## EXERCISE:
Exactly the lines from the one with "jus de fruit" through the end of the records below are needed, minus any pictures.

Stored data:
== == ==

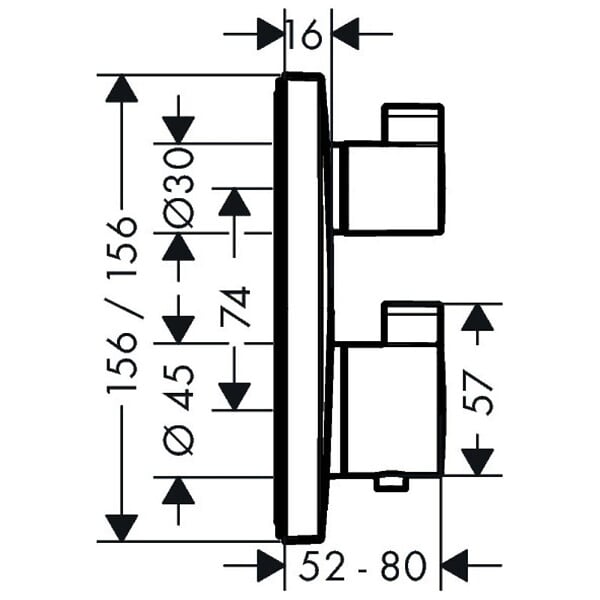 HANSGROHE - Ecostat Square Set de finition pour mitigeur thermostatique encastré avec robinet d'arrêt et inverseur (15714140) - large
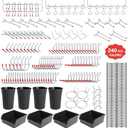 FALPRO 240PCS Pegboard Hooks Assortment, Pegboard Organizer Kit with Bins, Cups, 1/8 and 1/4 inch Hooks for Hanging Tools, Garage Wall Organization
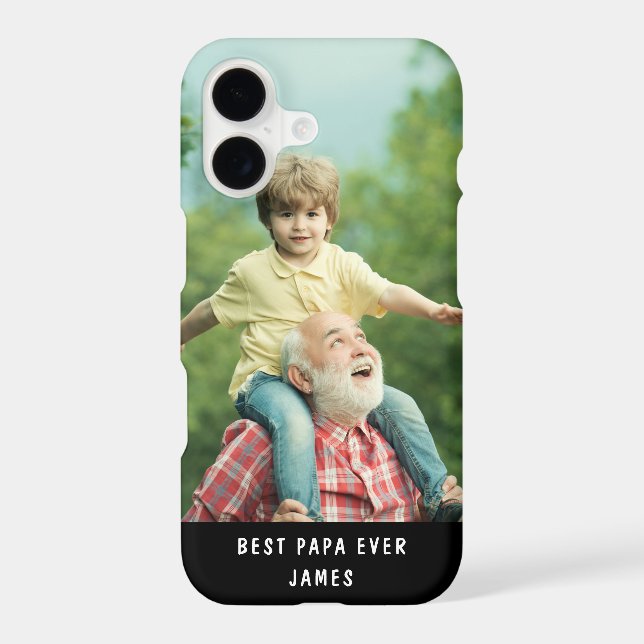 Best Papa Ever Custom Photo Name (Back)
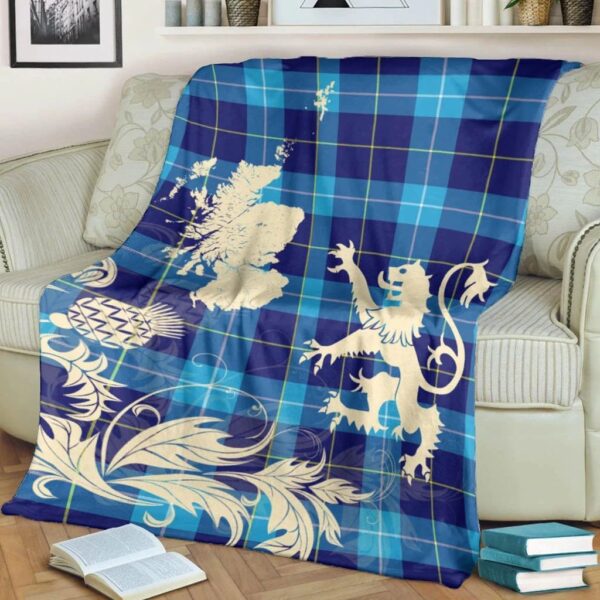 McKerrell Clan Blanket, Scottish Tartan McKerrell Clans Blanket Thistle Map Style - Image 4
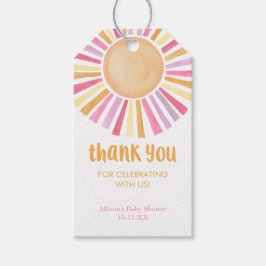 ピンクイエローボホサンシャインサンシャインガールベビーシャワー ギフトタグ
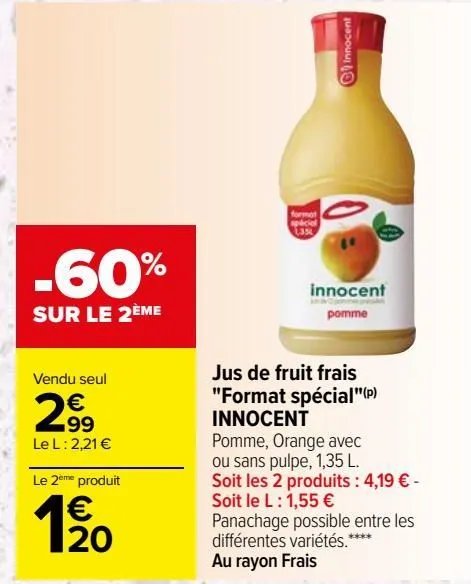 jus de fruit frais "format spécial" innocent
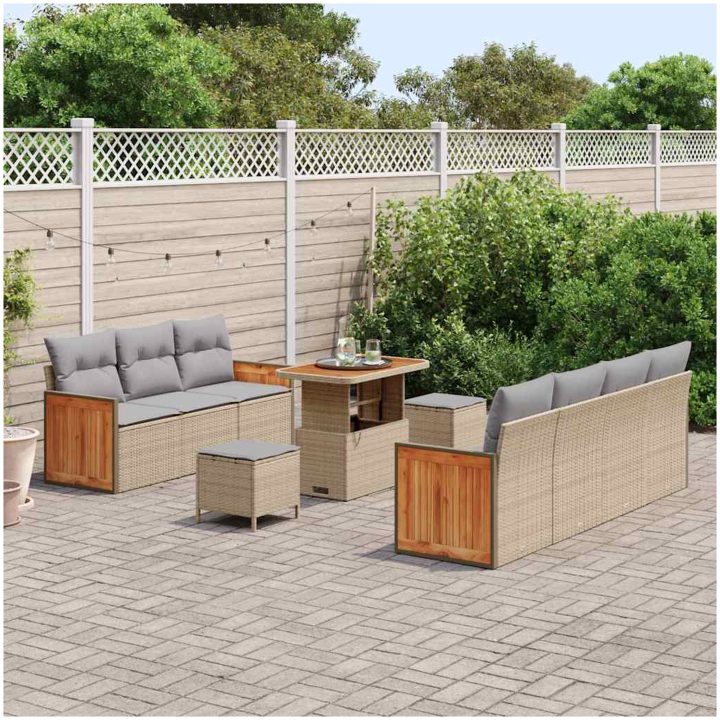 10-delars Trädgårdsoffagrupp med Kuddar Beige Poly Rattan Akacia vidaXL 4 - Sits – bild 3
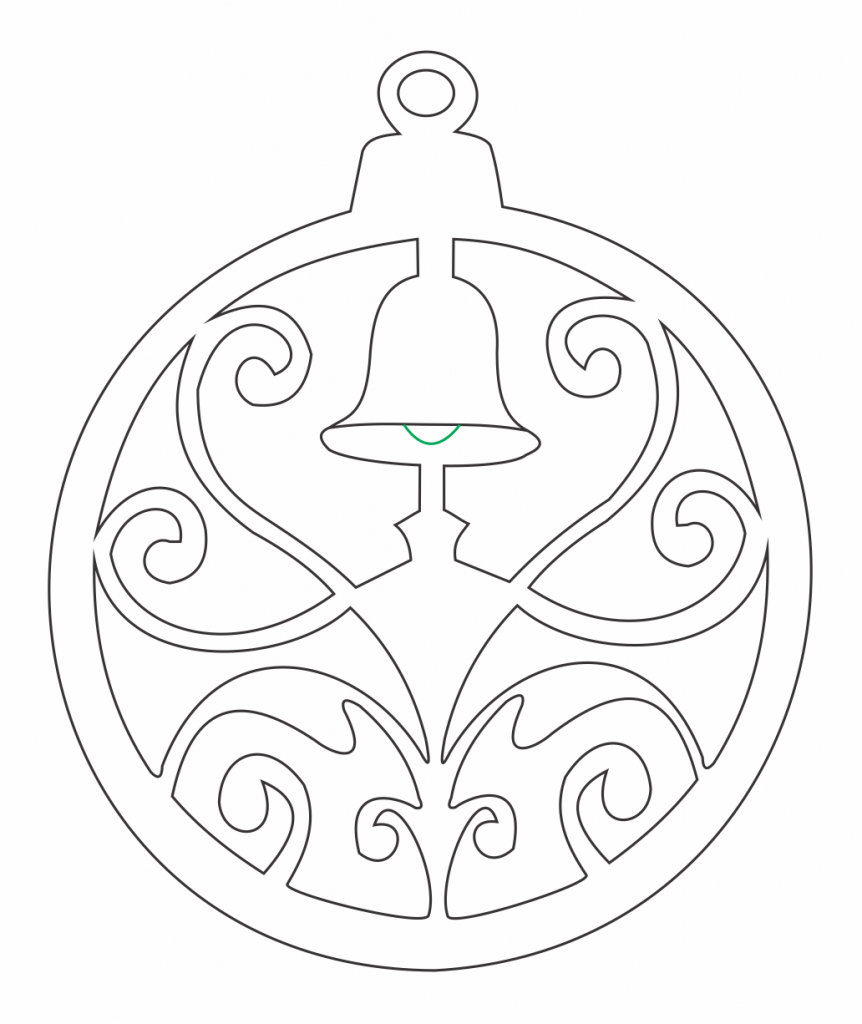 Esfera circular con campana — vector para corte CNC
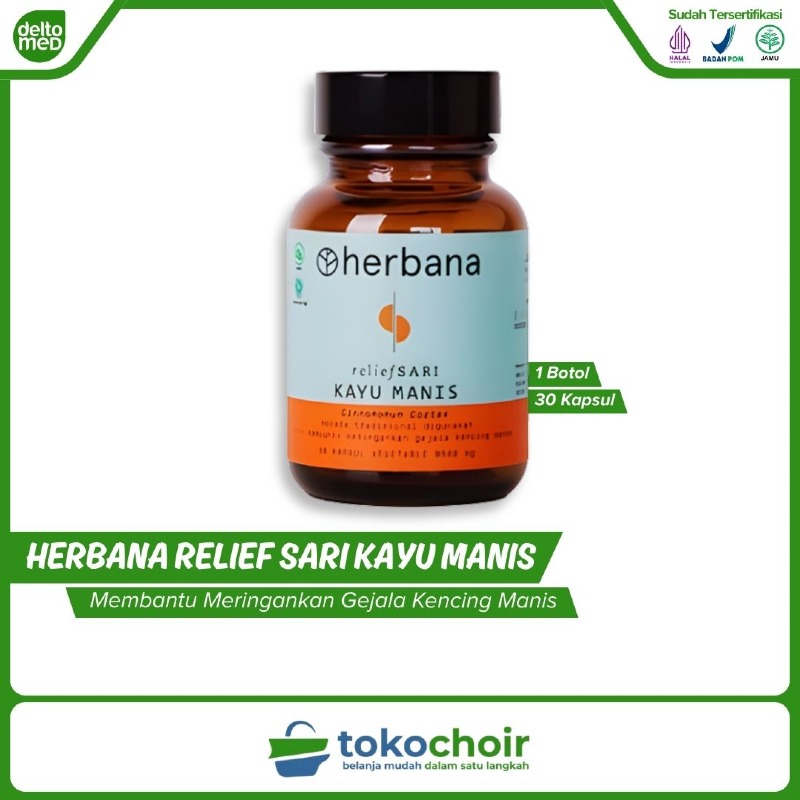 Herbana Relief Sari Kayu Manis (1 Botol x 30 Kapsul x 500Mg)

== == ==

## RESPONSE AREA:
 jus de fruit frais "format spécial" innocent
 10-delars Trädgårdsoffagrupp med Kuddar Beige Poly Rattan Akacia vidaXL 4 - Sits – bild 3
 Esfera circular con campana — vector para corte CNC
 Herbana Relief Sari Kayu Manis (1 Botol x 30 Kapsul x 500Mg)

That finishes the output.